PROVIDED DATA:
########################################

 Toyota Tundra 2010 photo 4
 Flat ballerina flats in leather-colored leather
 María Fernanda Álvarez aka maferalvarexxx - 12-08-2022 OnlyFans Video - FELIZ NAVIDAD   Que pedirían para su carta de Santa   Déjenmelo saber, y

########################################

With nothing added or dropped, retype the listing above.

 Toyota Tundra 2010 photo 4
 Flat ballerina flats in leather-colored leather
 María Fernanda Álvarez aka maferalvarexxx - 12-08-2022 OnlyFans Video - FELIZ NAVIDAD   Que pedirían para su carta de Santa   Déjenmelo saber, y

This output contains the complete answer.